European consumers: Still firmly in the woods

This explains the widespread excitement about the apparent V-shaped recovery in European retail sales that has materialized since governments across the region lifted lockdown restrictions from late April onwards. Several major European economies including heavyweights such as Germany, France, the Netherlands and the UK have returned to or even exceeded February - i.e. pre-crisis - retail sales levels.

Strikingly, the pace of the current retail recovery far exceeds what we saw in the wake of the Great Financial Crisis and the Eurozone debt crisis.

But a V-shaped retail recovery in the immediate crisis aftermath does not make a V-shaped private consumption recovery. In particular, we see three reasons why the consumer recovery in Europe will look quite detached from the trend in retail trade:

1. Retail sales ≠ private consumption: In fact, retail sales are not a very good proxy for the pulse of the consumer. After all, they make up only around 45% of private consumption, with the remainder consisting above all of housing-related expenses as well as services. It is the latter (around 25% of the total) that will be disproportionately more affected in the current crisis as “social expenditure” is cut back out of lingering contagion fears. 

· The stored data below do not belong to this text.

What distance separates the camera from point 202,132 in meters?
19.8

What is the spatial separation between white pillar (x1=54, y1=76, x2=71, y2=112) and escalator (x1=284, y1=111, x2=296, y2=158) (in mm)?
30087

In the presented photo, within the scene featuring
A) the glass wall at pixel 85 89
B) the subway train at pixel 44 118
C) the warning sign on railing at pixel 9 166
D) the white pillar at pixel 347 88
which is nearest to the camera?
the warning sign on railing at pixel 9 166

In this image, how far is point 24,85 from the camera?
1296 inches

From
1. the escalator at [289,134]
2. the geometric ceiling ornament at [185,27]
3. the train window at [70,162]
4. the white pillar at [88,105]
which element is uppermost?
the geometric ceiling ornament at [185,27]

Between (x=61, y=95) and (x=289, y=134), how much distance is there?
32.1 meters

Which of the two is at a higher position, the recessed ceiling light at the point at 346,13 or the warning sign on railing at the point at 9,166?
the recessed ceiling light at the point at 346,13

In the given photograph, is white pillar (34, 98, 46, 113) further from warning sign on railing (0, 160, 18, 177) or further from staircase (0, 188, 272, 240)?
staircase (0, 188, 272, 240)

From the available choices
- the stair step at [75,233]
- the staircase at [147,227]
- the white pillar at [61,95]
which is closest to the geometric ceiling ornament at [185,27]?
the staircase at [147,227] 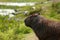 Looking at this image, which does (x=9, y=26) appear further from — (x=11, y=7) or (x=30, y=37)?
(x=11, y=7)

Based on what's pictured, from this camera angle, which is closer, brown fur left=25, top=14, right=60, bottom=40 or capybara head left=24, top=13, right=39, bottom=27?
brown fur left=25, top=14, right=60, bottom=40

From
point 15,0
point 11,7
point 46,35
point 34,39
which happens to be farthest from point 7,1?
point 46,35

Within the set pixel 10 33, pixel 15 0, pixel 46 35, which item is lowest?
pixel 15 0

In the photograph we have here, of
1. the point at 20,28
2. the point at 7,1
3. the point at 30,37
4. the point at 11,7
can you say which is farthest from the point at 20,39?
the point at 7,1

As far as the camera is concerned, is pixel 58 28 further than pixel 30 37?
No

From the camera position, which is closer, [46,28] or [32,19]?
[46,28]

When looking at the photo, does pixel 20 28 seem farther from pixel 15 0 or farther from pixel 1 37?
pixel 15 0

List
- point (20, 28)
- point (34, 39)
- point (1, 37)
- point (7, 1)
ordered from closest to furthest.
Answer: point (1, 37), point (34, 39), point (20, 28), point (7, 1)

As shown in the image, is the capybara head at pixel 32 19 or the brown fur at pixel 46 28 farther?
the capybara head at pixel 32 19

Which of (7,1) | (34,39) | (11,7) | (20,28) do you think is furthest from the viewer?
(7,1)

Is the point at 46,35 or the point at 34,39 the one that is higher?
the point at 46,35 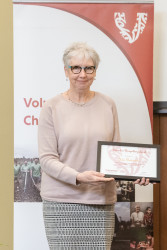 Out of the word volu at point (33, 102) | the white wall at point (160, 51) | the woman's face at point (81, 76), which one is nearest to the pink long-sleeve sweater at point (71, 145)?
the woman's face at point (81, 76)

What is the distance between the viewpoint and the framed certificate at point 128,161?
195cm

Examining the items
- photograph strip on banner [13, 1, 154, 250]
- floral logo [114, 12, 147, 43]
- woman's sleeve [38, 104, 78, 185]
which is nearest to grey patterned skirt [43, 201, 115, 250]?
woman's sleeve [38, 104, 78, 185]

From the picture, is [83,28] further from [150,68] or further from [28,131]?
[28,131]

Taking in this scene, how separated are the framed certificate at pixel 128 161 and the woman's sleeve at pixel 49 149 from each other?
178mm

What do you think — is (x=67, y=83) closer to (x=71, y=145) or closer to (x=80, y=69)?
(x=80, y=69)

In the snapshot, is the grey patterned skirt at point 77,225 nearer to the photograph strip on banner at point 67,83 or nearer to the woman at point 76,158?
the woman at point 76,158

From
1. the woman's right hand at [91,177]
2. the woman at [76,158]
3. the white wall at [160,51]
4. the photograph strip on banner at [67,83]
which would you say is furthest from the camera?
the white wall at [160,51]

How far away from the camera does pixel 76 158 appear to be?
197 centimetres

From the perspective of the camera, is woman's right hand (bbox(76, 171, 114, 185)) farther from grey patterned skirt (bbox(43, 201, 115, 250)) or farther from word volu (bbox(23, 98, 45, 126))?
word volu (bbox(23, 98, 45, 126))

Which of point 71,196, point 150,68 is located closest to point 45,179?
point 71,196

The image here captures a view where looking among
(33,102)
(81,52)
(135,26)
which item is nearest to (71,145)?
(81,52)

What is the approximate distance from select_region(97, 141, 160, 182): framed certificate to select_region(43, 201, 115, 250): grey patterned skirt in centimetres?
22

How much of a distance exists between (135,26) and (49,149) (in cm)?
108

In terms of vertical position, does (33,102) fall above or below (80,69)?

A better gauge for private consumption prospects is therefore consumer confidence, which still remains quite depressed, registering below the long-term average across European economies, alongside sky-high saving intentions.

2. Doomed durables – prepare for a W-formation in retail trade: The sharp rebound in retail trade has been propped up by a temporary boost in durable goods, which is unlikely to continue. For instance, furnishings and recreation & culture goods proved quite resilient in Q2 as consumers spent more of their disposable incomes on beautifying homes and gardens and setting up virtual offices during the lockdowns. Moreover, the temporary VAT reduction in Germany added additional tailwind. However, we don’t think that spending on these durables (around 11% of total private consumption), which tends to be closely related to the cycle, can remain immune to the Covid-19 downturn for much longer. 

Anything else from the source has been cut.